How a Centre County township is preparing as plans for AI data centers grow across PA
AI-generated summary reviewed by our newsroom.
- College Township proposes adding data centers to definitions and conditional uses.
- Amendments aim to preserve municipal review time in response to SB 939.
- Planners weigh water, land use and infrastructure impacts alongside local control.
As planned AI data centers continue to grow across the United States and Pennsylvania, one Centre Region township is looking to take precautions in case one is proposed there.
While no data centers have been proposed for the area yet, the College Township Council will look to add “data centers” to its zoning ordinance’s list of definitions, and include data centers as a conditional use in the township’s rural residential zoning district during its meeting on Thursday, Feb. 19.
If the ordinance amendments are approved, the council’s meeting agenda states that the definition for data centers will be “buildings or premises primarily occupied by computers and/or telecommunications equipment where data is processed, transferred, and/or stored.”
According to assistant township manager Mike Bloom, the ordinance amendments come in response PA Senate Bill 939, which was introduced last year and includes language that limits municipalities’ authority related to land use and zoning regulations as assigned under the Pennsylvania Municipalities Planning Code (MPC).
“In particular, the original bill truncated the MPC’s permitted 90-day review period in areas where data centers were considered permitted uses to 30 days,” Bloom wrote in a Feb. 11 email to the CDT. “However, if data centers were otherwise permitted as a conditional use, the bill allowed a 120-day review. The original language also restricted municipalities from imposing stricter standards on data centers than those applied to other industrial uses.”
Amending the zoning ordinance, Bloom said, “is intended to afford the municipality a measure of control and sufficient time with which to react to any potential future data center land development plan submission.”
The amendments were discussed during a Feb. 5 Centre Region Planning Commission meeting, where College Township Principal Planner Lindsay Schoch said that the rural residential district was selected for conditional use allowance due to the Oak Hall Quarry being located within its boundaries.
While most AI data centers require massive amounts of water for their cooling systems, Schoch hopes that any potential data center developers would be able to use the water from the quarry, instead of tapping into an aquifer below the earth’s surface.
“We thought that there was an opportunity maybe to use beneficial re-use of [the quarry’s water] to get the data center out into the area of town where there really isn’t much else around it,” Schoch said at the planning commission meeting.
William Burnett, a member of Patton Township’s planning commission, vehemently disagreed with College Township’s proposed amendments at the meeting, calling the changes “a very bad idea.”
“You have a lot more issues and a lot more problems with data centers coming into an area, and it doesn’t support the number of jobs that people think it does. Data centers really don’t have a large staff of people working in them — it’s three or four people after it’s been built,” Burnett said.
As the data center boom continues in Pennsylvania, politicians on both sides of the aisle, including Gov. Josh Shapiro, have thrown their support behind AI industry investment while calling for more guidelines. But many Pennsylvanians have expressed concerns about impacts on energy prices, the environment and water usage.

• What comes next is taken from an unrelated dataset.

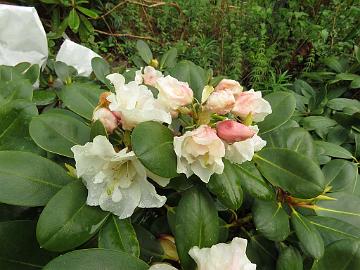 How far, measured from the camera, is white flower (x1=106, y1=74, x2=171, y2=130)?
75 centimetres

Burnett echoed some of those concerns and said he could see College Township running into problems with its ordinance.
“I think it opens you up to having uncomfortable conversations of realizing that you’ve slipped into something too late, or you’ve slipped into something, and when you realize you’ve slipped into it and it turns out to be a bad case, that it’s already too late,” he said.
But Schoch noted that without including data centers as a conditional use, a developer could come into the township and build a data center wherever they pleased, disregarding the township’s different zoning districts.
Centre Region Planning Agency Principal Land Use Planner Jenna Wargo said during the Feb. 5 meeting that College Township would be the first Centre Region township to implement zoning changes related to data centers, although one other could be following suit soon.
Bill Keough, a Ferguson Township Planning Commission member, said at his commission’s Feb. 9 meeting that Ferguson Township officials should also begin looking at changes to their zoning ordinances, and fellow commission member Lewis Steinberg wholeheartedly agreed.
“I would suggest, and I can’t be more emphatic, that the township discuss this matter with its solicitor,” Steinberg said. “Staff should be considering working on the zoning ordinance, I would say immediately.”
Despite the discussion about data centers, it was not determined when the township’s staff would begin looking at ordinance amendments, or when the matter would officially be put onto the agenda of a future Ferguson Township Supervisors or Planning Commission meeting.
College Township’s council will discuss the ordinance amendments during their meeting at 7 p.m. Thursday, Feb. 19. The meeting will also be streamed live on C-Net’s YouTube channel.